_WORK ORDER_
From the entries below, reproduce exactly the lines from the one with "Women Striped Athleisure Polo T-shirt" through the one with "Swimsuit 2019 Off", both included, without images.

━━━━━━━━━━

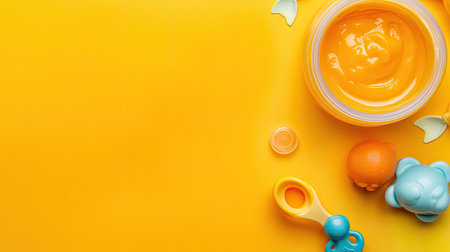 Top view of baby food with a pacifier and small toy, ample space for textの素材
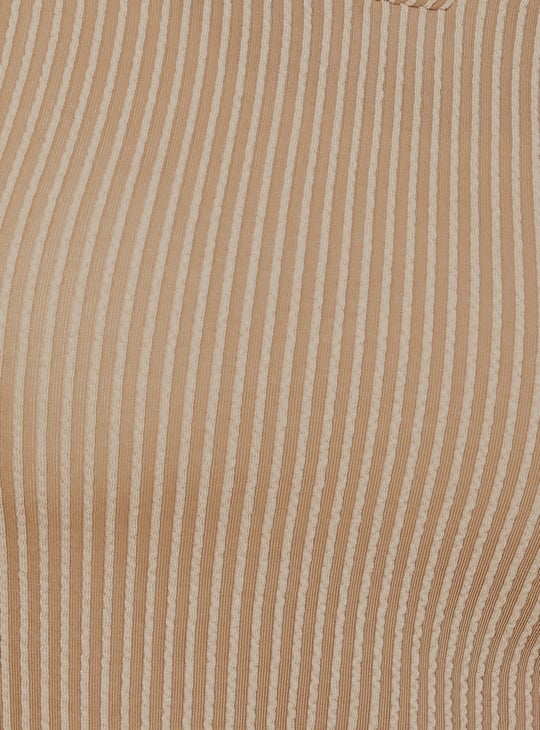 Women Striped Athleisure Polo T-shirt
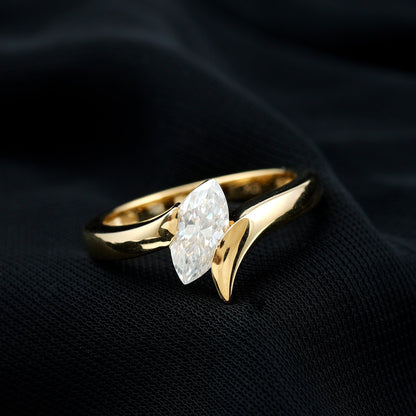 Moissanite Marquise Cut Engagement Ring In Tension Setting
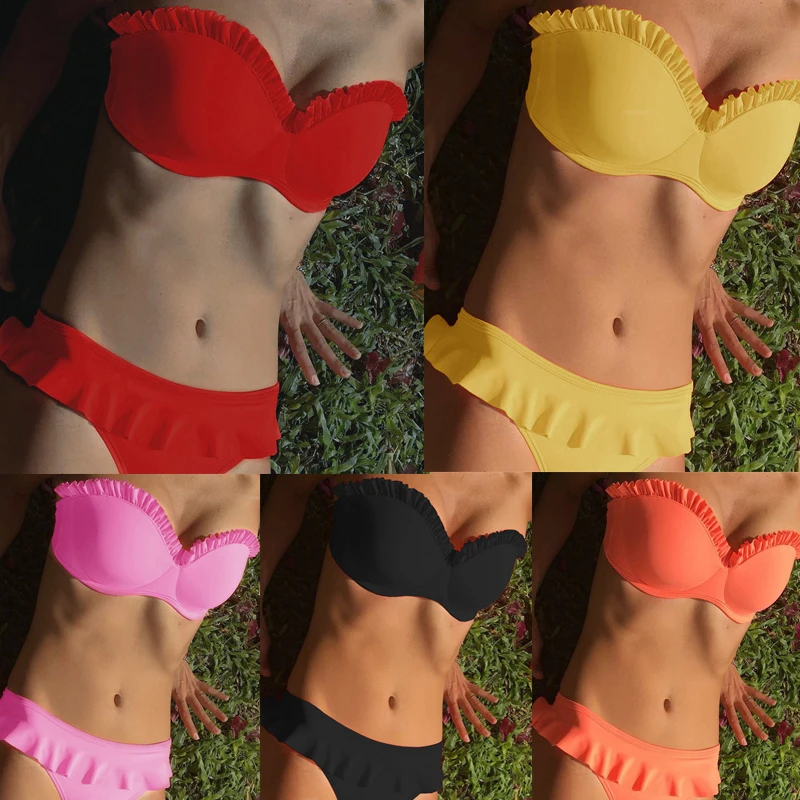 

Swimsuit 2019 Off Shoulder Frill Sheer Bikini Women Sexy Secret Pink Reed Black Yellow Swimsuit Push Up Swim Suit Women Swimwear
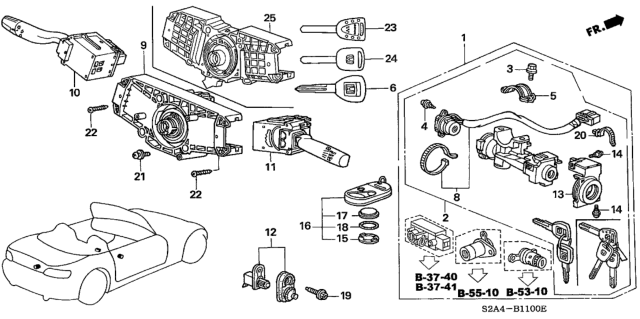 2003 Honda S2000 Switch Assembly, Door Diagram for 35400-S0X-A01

━━━━━━━━━━

_TASK RESULT_
 Women Striped Athleisure Polo T-shirt
 Moissanite Marquise Cut Engagement Ring In Tension Setting

Swimsuit 2019 Off Shoulder Frill Sheer Bikini Women Sexy Secret Pink Reed Black Yellow Swimsuit Push Up Swim Suit Women Swimwear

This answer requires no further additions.